機内食を見ると、飛行船から飛行艇の時代には機上での調理が困難という制約はあったものの、乗客は高額な料金が払える富裕層に限られていたため、できる範囲内ではあるものの料理も高級なものが志向されました。

これはジェット機化の初期にもそうでしたが、航空での旅行が一般化し、エコノミークラスの旅客数が増えるに従い安価で簡便な料理も増加します。

それがさらに航空会社の競争激化となり、ファーストクラスの料理の高級化とその他の料理の簡素化が極端になっていきます。

これは現在でも続いている状況であり、乗客のごく一部のみが食べる最高級の料理はさらに贅沢となるものの、一般の客が食べるものはそうではないということになっています。

 

初期の飛行においては、機上での加熱というのが大問題でした。

裸火の使用は不可能であり、電力もわずかしかなかったので、機内は暖房すらされておらず、まして調理のために電熱を使うということも不可能でした。

初期の飛行船では生石灰の発熱を利用するという加熱器もありましたが、暖かい料理を供するというほどではなかったようです。

飛行艇となってもその航続距離は短いものであったので、給油のためにいったん降りる経由地を設け、その間に旅客に食事をさせるということもありました。

それが徐々に空港の周囲に料理を作って飛行機に載せるという設備を作るようになりますが、食品の冷凍技術とそれを解凍する技術、電気オーブンや電子レンジの機能改善に伴い、料理の質の向上が果たされ、高級化も可能となっていきます。

 

ただし、ジャンボジェットの登場に始まる飛行機の乗客増加は乗員の負担増加にもつながり、ワンプレートにのせられ冷凍されたものをまとめて電子レンジで温めて客に出すというだけでも搭乗時間のほとんどを費やすということにもなっていきます。

 

高高度を飛ぶ飛行機の中では与圧してあると言っても大気圧よりは低い気圧であると共に、その湿度が極めて低いという状況になります。

その中では味覚が相当変化することになり、地上で供する料理と同じ味付けでは美味しく感じられません。

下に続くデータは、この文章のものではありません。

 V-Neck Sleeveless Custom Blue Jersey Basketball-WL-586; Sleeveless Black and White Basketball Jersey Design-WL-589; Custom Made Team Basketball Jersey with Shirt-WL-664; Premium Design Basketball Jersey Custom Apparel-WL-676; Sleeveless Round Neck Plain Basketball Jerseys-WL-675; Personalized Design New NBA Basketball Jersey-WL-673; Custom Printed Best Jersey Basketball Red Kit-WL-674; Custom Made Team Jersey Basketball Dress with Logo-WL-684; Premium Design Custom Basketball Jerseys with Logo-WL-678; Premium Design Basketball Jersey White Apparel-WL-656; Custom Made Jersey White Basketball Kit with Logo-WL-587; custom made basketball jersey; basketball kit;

人間の舌にある味蕾の機能は飛行機の中では30%程度低下すると言われています。

そのため、味付けの調整や飛行機向けの食材、またうま味はあまり影響されないのでそれに頼った料理といった具合に機内食向けのレシピ開発も研究されたそうです。

 

ジャンボ化の時代に続き、超音速旅客機のコンコルドが登場しました。

その機体は非常にスリムなものであったのですが、そのために機内食の調理などに使われるギャレーという場所も狭いものでした。

それでもコンコルドの運賃は非常に高いものであったため、乗客は機内食もそれに見合ったものを期待しており、さらにそのサービスもスムーズであることが必須でした。

しかもスピードが速いので搭乗の時間も短い。

そのため、乗員たちの苦労も大きなものだったようです。

 

この本では飛行機の食事に加えて「宇宙の食事」すなわち宇宙食についても書かれています。

かつては宇宙船での食事と言えばチューブから押し出して食べるというイメージでした。

今ではかなり違ってきたようですが、基本的には宇宙船内では調理はできないものであり、調理済みのものを加熱する程度のようです。

それでも国により様々で、ロシアはソ連時代から宇宙食の質が高いことで知られていたとか。

中国も中華料理を取り入れていますが、もちろん油で揚げるということは不可能なので再加熱するしかないようです。